With the subprime implosion in full force recently, millions of American homeowners find themselves defaulting on loans and facing the nightmare of foreclosure.
As a result of the disadvantages foreclosure offers to both the homeowner and lender, more and more Americans are looking to several other viable options to steer away from the drawn out and at times, risky process which foreclosure offers to both parties. Owner and CEO of I Short Sale, Inc., Eli Tene, suggests four alternatives to foreclosure which can save a homeowner’s credit and the lender’s time and money.
One of the first options a homeowner has to avoid foreclosure is a Loan Modification, or Loan Restructuring, which is simply a permanent change in one or more of the terms of the mortgage loan. For example, if you are unable to make payments at a given rate, a modification could be negotiated with your lender to extend the loan period. If a homeowner runs into temporary financial hardship, the next option is to negotiate for a Loan Forbearance, which reduces or delays payments for a short amount of time with the understanding that the account will eventually be brought to a current status.

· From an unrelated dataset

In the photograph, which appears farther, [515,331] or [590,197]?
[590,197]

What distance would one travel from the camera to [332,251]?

While these two options do serve as practical alternatives to foreclosure, they still leave homeowners with the same burden of debt. Homeowners do have the option of offering their lender the deed of their home in lieu of their mortgage debt (Deed in Lieu). However, the homeowner’s credit still may be harmfully affected by negative reports and lenders will rarely accept an offer that would only add to their REO Portfolio, which requires time and money to manage.
The more favorable option, according to real estate expert, Eli Tene, which considerably benefits both the homeowner and lender, is a Short Sale. Short selling is an agreement wherein the lender allows for the homeowner to sell the home at a price lower than the mortgage debt amount. The lender will then take the proceeds from the sale as a settlement for the mortgage debt. Short selling becomes a beneficial alternative when the homeowner’s mortgage debt is higher than the property’s value.
Tene indicates that, “Not only is the homeowner’s credit protected from negative reports when engaging in a Short Sale but, he or she is released entirely from the debt associated with a defaulted loan. What can be better than getting out clean and not having to deal with terrible credit. The lender also benefits by not having to deal with the time and costs of repossessing the home. It’s a win-win situation!”
Whether a Short Sale or any one of the other existing alternatives is good for a homeowner depends on the surrounding circumstances of each situation. Before revealing any information to a lender, Tene advises to contact a specialist first, and at the appropriate time. “Regardless of the homeowner’s options, acting sooner than later is crucial. Sinking deeper and deeper into delinquency can lower the chances of successfully carrying out one of these alternatives to foreclosure.”